» **Try it**: Leave the pictures out and restate every line below exactly.

===== Exercise data =====

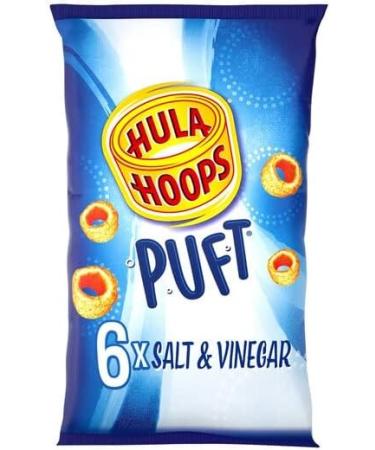 Hula Hoops Crisps Bundle Containing Hula Hoops Puft Salted x6 Hula Hoops Puft Salt & Vinegar x 6 Hula Hoops Puft Beef x 6 - Buy Online on GoSupps.com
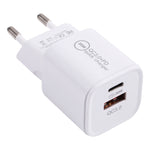 20WACB 20W QC3.0 + PD快充充電器，澳規插頭，歐規插頭，美規插頭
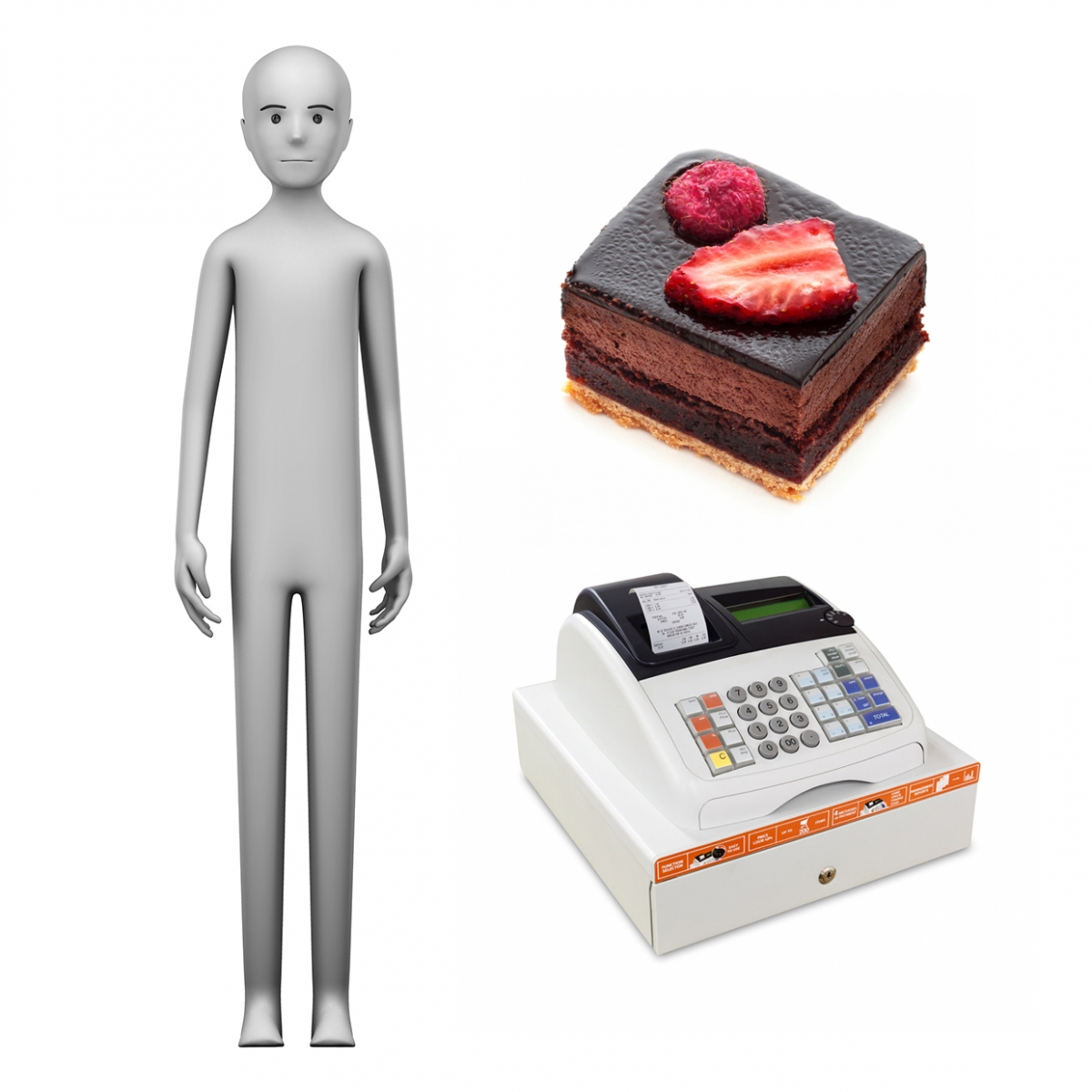 Imagen en la que se ve el concepto de pastelero o pastelera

=====

» **Result of this task**:
 Hula Hoops Crisps Bundle Containing Hula Hoops Puft Salted x6 Hula Hoops Puft Salt & Vinegar x 6 Hula Hoops Puft Beef x 6 - Buy Online on GoSupps.com
 20WACB 20W QC3.0 + PD快充充電器，澳規插頭，歐規插頭，美規插頭
 Imagen en la que se ve el concepto de pastelero o pastelera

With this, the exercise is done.